Eram cerca das 9 horas, quando chego ao Estabelecimento Prisional de Custóias, no Porto. Na qualidade de Advogado, 1ªvez, 1º contacto com um mundo oculto, o dos criminosos, dos bandidos, porque quem está na prisão teve que cometer algum crime, sujeito a pena de prisão, ou, preenchidos os pressupostos da prisão preventiva, aguarda julgamento.
Identifico-me, sou sujeito ao detector de metais, e, abre-se a porta para o mundo oculto, onde visualizo uma prisão com capacidade para aproximadamente 700 reclusos, albergar quase o dobro; onde existem apenas 200 guardas prisionais para uma imensidão de reclusos; um orçamento reduzido para metade em 2012; onde a droga circula como quem toma um café diário; as violações sexuais (afirmadas peremptoriamente pelos guardas prisionais) são frequentes e incontroláveis, devido ao facto de não existirem câmaras de vídeo-vigilância nas celas, com mais incidência nos reclusos mais novos; as rixas constantes, num ambiente degradante e abrupto, onde a luta pela sobrevivência é o retrato, num espírito de vale tudo.
Passar pelos corredores, pelas alas ( existem 4 pavilhões, de A , dos presos preventivos, ao D, dos restantes reclusos a cumprir pena), deve ser das imagens mais próximas das vistas por um filme retratando as prisões, onde a desgraça, o fim, o desespero, a angústia, a decadência, a perda de direitos tão fundamentais, de quem vive sem liberdade retrata os seus quotidianos.
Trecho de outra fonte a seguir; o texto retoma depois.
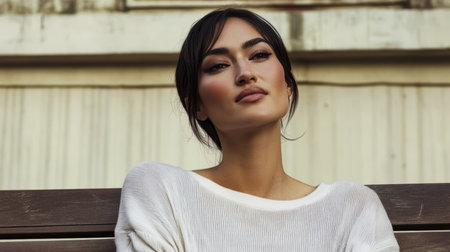 A young woman is sitting on a wooden bench dressed casually in a light sweater. She gazes thoughtfully into the distance enjoying the warm sunlight and peaceful atmosphere around her.の素材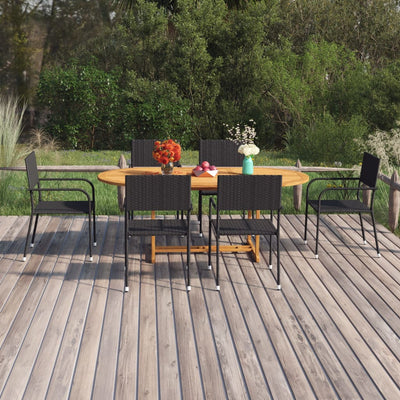 vidaXL 7 Piece Garden Dining Set Poly Rattan Anthracite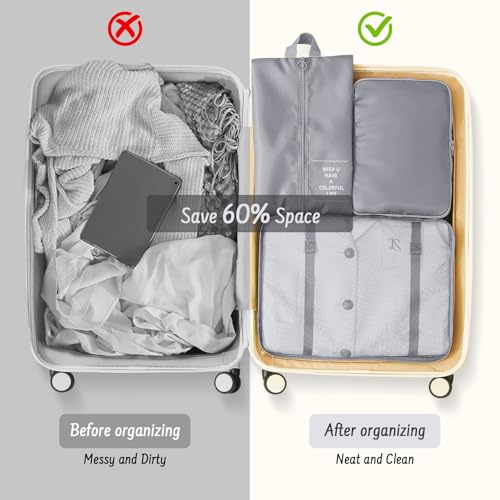 8 Set Packing Cubes for Travel Luggage Organizer Bags for Family, Mesh Packing Cubes for Suitcases, Travel Essentials Bags Set for Women & Men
Curioso verificar que dentro da prisão existe uma padaria (onde reclusos fabricam o próprio pão que consomem - cerca de 5000 pães diários), uma barbearia (com a tradicional fotografia com uma "mulher nua"), oficina de mecânica e carpintaria, uma horta, ginásio (na minha opinião, eu não concordo, porque não acho uma coisa indispensável, e, que permita a designada ressocialização, acho mesmo que tem o efeito contrário), uma capela, estúdio, um supermercado (cada recluso tem um cartão e é premiado pelos bons comportamentos, e , pelos bons comportamentos vai obtendo compensações económicas, que lhe permitem, comprar, por exemplo, tabaco ou outras coisas de supermercado).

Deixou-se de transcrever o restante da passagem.